═══ GIVEN INFORMATION

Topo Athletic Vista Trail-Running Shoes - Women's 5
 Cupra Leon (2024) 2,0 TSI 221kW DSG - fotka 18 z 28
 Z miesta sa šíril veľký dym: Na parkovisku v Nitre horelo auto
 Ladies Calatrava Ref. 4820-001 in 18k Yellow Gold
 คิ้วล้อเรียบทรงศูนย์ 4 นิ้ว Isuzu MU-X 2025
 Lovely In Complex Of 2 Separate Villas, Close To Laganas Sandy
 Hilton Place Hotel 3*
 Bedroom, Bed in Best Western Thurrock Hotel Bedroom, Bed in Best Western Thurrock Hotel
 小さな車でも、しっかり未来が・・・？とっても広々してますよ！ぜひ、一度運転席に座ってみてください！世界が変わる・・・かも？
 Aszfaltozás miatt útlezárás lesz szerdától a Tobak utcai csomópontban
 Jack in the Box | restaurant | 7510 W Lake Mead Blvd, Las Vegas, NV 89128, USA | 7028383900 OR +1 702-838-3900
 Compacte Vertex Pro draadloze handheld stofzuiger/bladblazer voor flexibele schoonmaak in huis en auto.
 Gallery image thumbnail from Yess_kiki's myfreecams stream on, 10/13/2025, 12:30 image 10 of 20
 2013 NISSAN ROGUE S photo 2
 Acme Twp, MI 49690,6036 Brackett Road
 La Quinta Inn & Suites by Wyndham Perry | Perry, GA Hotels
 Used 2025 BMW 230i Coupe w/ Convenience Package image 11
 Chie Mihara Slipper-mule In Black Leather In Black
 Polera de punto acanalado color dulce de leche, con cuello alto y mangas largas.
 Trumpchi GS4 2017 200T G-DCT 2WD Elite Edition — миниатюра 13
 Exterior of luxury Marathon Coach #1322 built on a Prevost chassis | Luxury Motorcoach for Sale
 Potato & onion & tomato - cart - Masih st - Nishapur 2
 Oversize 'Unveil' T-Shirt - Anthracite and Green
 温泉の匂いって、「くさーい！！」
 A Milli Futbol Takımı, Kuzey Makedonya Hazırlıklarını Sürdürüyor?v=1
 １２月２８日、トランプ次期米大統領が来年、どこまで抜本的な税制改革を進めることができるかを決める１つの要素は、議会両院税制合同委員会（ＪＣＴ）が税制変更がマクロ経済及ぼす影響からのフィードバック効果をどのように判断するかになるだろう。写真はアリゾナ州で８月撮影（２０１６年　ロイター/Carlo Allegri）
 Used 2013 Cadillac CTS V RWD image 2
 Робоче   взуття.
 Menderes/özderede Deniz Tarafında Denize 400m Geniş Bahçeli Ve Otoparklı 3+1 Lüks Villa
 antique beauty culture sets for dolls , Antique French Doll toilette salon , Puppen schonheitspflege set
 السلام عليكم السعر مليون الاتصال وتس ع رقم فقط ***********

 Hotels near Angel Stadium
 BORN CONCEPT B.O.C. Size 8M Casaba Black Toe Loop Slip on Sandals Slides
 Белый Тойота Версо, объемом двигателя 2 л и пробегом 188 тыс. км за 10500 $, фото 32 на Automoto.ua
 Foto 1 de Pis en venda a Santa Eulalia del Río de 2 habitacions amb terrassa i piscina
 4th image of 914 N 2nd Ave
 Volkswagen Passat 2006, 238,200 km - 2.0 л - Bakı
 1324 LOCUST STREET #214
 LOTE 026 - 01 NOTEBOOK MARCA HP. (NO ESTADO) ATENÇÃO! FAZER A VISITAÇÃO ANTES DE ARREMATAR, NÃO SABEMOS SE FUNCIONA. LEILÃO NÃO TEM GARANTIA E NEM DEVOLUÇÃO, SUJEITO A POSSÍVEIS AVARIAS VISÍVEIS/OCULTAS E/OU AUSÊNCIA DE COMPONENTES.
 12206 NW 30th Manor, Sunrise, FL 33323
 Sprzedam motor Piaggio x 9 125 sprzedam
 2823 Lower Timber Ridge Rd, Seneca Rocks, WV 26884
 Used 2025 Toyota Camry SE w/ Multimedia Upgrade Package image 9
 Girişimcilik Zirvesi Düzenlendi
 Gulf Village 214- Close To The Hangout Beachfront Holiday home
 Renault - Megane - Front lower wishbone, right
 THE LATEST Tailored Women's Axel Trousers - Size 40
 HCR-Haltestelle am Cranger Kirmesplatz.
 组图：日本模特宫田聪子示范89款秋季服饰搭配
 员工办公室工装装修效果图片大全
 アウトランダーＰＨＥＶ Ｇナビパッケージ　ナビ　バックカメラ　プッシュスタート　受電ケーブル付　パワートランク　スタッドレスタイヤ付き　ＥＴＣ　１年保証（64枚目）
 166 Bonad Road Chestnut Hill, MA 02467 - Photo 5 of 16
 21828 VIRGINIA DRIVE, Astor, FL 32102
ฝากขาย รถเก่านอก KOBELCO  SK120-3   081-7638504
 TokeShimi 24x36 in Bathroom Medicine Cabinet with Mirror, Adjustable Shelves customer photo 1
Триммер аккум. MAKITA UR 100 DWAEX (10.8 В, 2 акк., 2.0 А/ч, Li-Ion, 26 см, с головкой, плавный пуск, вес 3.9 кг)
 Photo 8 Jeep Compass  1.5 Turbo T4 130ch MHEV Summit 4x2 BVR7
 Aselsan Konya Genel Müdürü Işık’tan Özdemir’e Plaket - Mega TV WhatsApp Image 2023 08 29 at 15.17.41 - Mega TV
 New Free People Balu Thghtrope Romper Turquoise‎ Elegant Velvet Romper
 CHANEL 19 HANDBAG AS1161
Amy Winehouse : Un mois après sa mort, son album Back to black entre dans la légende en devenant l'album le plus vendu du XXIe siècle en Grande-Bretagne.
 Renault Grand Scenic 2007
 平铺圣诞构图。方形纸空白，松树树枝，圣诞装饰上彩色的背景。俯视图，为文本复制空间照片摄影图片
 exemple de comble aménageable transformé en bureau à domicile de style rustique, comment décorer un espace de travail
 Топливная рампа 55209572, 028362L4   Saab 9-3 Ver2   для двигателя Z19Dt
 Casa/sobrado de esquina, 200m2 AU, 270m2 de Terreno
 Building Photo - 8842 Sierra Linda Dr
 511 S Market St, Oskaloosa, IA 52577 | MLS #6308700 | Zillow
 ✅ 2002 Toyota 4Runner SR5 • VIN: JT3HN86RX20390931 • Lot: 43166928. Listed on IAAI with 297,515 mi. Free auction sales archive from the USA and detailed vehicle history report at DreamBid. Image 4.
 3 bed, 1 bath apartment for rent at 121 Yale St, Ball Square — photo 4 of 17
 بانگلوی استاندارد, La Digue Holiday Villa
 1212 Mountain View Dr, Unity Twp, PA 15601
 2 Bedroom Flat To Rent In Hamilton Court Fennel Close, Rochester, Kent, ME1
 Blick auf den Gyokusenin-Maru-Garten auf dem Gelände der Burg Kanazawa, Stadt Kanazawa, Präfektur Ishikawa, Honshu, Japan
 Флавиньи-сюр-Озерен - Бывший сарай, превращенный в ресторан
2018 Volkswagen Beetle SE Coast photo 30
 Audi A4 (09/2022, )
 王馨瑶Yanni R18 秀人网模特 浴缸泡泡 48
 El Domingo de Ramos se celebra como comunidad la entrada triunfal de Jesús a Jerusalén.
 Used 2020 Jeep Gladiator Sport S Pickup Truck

══════

= DIRECTIONS FOR THIS TASK =
Set down each line of the data precisely as it appears above.

= WRITTEN SOLUTION =
Topo Athletic Vista Trail-Running Shoes - Women's 5
 Cupra Leon (2024) 2,0 TSI 221kW DSG - fotka 18 z 28
 Z miesta sa šíril veľký dym: Na parkovisku v Nitre horelo auto
 Ladies Calatrava Ref. 4820-001 in 18k Yellow Gold
 คิ้วล้อเรียบทรงศูนย์ 4 นิ้ว Isuzu MU-X 2025
 Lovely In Complex Of 2 Separate Villas, Close To Laganas Sandy
 Hilton Place Hotel 3*
 Bedroom, Bed in Best Western Thurrock Hotel Bedroom, Bed in Best Western Thurrock Hotel
 小さな車でも、しっかり未来が・・・？とっても広々してますよ！ぜひ、一度運転席に座ってみてください！世界が変わる・・・かも？
 Aszfaltozás miatt útlezárás lesz szerdától a Tobak utcai csomópontban
 Jack in the Box | restaurant | 7510 W Lake Mead Blvd, Las Vegas, NV 89128, USA | 7028383900 OR +1 702-838-3900
 Compacte Vertex Pro draadloze handheld stofzuiger/bladblazer voor flexibele schoonmaak in huis en auto.
 Gallery image thumbnail from Yess_kiki's myfreecams stream on, 10/13/2025, 12:30 image 10 of 20
 2013 NISSAN ROGUE S photo 2
 Acme Twp, MI 49690,6036 Brackett Road
 La Quinta Inn & Suites by Wyndham Perry | Perry, GA Hotels
 Used 2025 BMW 230i Coupe w/ Convenience Package image 11
 Chie Mihara Slipper-mule In Black Leather In Black
 Polera de punto acanalado color dulce de leche, con cuello alto y mangas largas.
 Trumpchi GS4 2017 200T G-DCT 2WD Elite Edition — миниатюра 13
 Exterior of luxury Marathon Coach #1322 built on a Prevost chassis | Luxury Motorcoach for Sale
 Potato & onion & tomato - cart - Masih st - Nishapur 2
 Oversize 'Unveil' T-Shirt - Anthracite and Green
 温泉の匂いって、「くさーい！！」
 A Milli Futbol Takımı, Kuzey Makedonya Hazırlıklarını Sürdürüyor?v=1
 １２月２８日、トランプ次期米大統領が来年、どこまで抜本的な税制改革を進めることができるかを決める１つの要素は、議会両院税制合同委員会（ＪＣＴ）が税制変更がマクロ経済及ぼす影響からのフィードバック効果をどのように判断するかになるだろう。写真はアリゾナ州で８月撮影（２０１６年　ロイター/Carlo Allegri）
 Used 2013 Cadillac CTS V RWD image 2
 Робоче   взуття.
 Menderes/özderede Deniz Tarafında Denize 400m Geniş Bahçeli Ve Otoparklı 3+1 Lüks Villa
 antique beauty culture sets for dolls , Antique French Doll toilette salon , Puppen schonheitspflege set
 السلام عليكم السعر مليون الاتصال وتس ع رقم فقط ***********

 Hotels near Angel Stadium
 BORN CONCEPT B.O.C. Size 8M Casaba Black Toe Loop Slip on Sandals Slides
 Белый Тойота Версо, объемом двигателя 2 л и пробегом 188 тыс. км за 10500 $, фото 32 на Automoto.ua
 Foto 1 de Pis en venda a Santa Eulalia del Río de 2 habitacions amb terrassa i piscina
 4th image of 914 N 2nd Ave
 Volkswagen Passat 2006, 238,200 km - 2.0 л - Bakı
 1324 LOCUST STREET #214
 LOTE 026 - 01 NOTEBOOK MARCA HP. (NO ESTADO) ATENÇÃO! FAZER A VISITAÇÃO ANTES DE ARREMATAR, NÃO SABEMOS SE FUNCIONA. LEILÃO NÃO TEM GARANTIA E NEM DEVOLUÇÃO, SUJEITO A POSSÍVEIS AVARIAS VISÍVEIS/OCULTAS E/OU AUSÊNCIA DE COMPONENTES.
 12206 NW 30th Manor, Sunrise, FL 33323
 Sprzedam motor Piaggio x 9 125 sprzedam
 2823 Lower Timber Ridge Rd, Seneca Rocks, WV 26884
 Used 2025 Toyota Camry SE w/ Multimedia Upgrade Package image 9
 Girişimcilik Zirvesi Düzenlendi
 Gulf Village 214- Close To The Hangout Beachfront Holiday home
 Renault - Megane - Front lower wishbone, right
 THE LATEST Tailored Women's Axel Trousers - Size 40
 HCR-Haltestelle am Cranger Kirmesplatz.
 组图：日本模特宫田聪子示范89款秋季服饰搭配
 员工办公室工装装修效果图片大全
 アウトランダーＰＨＥＶ Ｇナビパッケージ　ナビ　バックカメラ　プッシュスタート　受電ケーブル付　パワートランク　スタッドレスタイヤ付き　ＥＴＣ　１年保証（64枚目）
 166 Bonad Road Chestnut Hill, MA 02467 - Photo 5 of 16
 21828 VIRGINIA DRIVE, Astor, FL 32102
ฝากขาย รถเก่านอก KOBELCO  SK120-3   081-7638504
 TokeShimi 24x36 in Bathroom Medicine Cabinet with Mirror, Adjustable Shelves customer photo 1
Триммер аккум. MAKITA UR 100 DWAEX (10.8 В, 2 акк., 2.0 А/ч, Li-Ion, 26 см, с головкой, плавный пуск, вес 3.9 кг)
 Photo 8 Jeep Compass  1.5 Turbo T4 130ch MHEV Summit 4x2 BVR7
 Aselsan Konya Genel Müdürü Işık’tan Özdemir’e Plaket - Mega TV WhatsApp Image 2023 08 29 at 15.17.41 - Mega TV
 New Free People Balu Thghtrope Romper Turquoise‎ Elegant Velvet Romper
 CHANEL 19 HANDBAG AS1161
Amy Winehouse : Un mois après sa mort, son album Back to black entre dans la légende en devenant l'album le plus vendu du XXIe siècle en Grande-Bretagne.
 Renault Grand Scenic 2007
 平铺圣诞构图。方形纸空白，松树树枝，圣诞装饰上彩色的背景。俯视图，为文本复制空间照片摄影图片
 exemple de comble aménageable transformé en bureau à domicile de style rustique, comment décorer un espace de travail
 Топливная рампа 55209572, 028362L4   Saab 9-3 Ver2   для двигателя Z19Dt
 Casa/sobrado de esquina, 200m2 AU, 270m2 de Terreno
 Building Photo - 8842 Sierra Linda Dr
 511 S Market St, Oskaloosa, IA 52577 | MLS #6308700 | Zillow
 ✅ 2002 Toyota 4Runner SR5 • VIN: JT3HN86RX20390931 • Lot: 43166928. Listed on IAAI with 297,515 mi. Free auction sales archive from the USA and detailed vehicle history report at DreamBid. Image 4.
 3 bed, 1 bath apartment for rent at 121 Yale St, Ball Square — photo 4 of 17
 بانگلوی استاندارد, La Digue Holiday Villa
 1212 Mountain View Dr, Unity Twp, PA 15601
 2 Bedroom Flat To Rent In Hamilton Court Fennel Close, Rochester, Kent, ME1
 Blick auf den Gyokusenin-Maru-Garten auf dem Gelände der Burg Kanazawa, Stadt Kanazawa, Präfektur Ishikawa, Honshu, Japan
 Флавиньи-сюр-Озерен - Бывший сарай, превращенный в ресторан
2018 Volkswagen Beetle SE Coast photo 30
 Audi A4 (09/2022, )
 王馨瑶Yanni R18 秀人网模特 浴缸泡泡 48
 El Domingo de Ramos se celebra como comunidad la entrada triunfal de Jesús a Jerusalén.
 Used 2020 Jeep Gladiator Sport S Pickup Truck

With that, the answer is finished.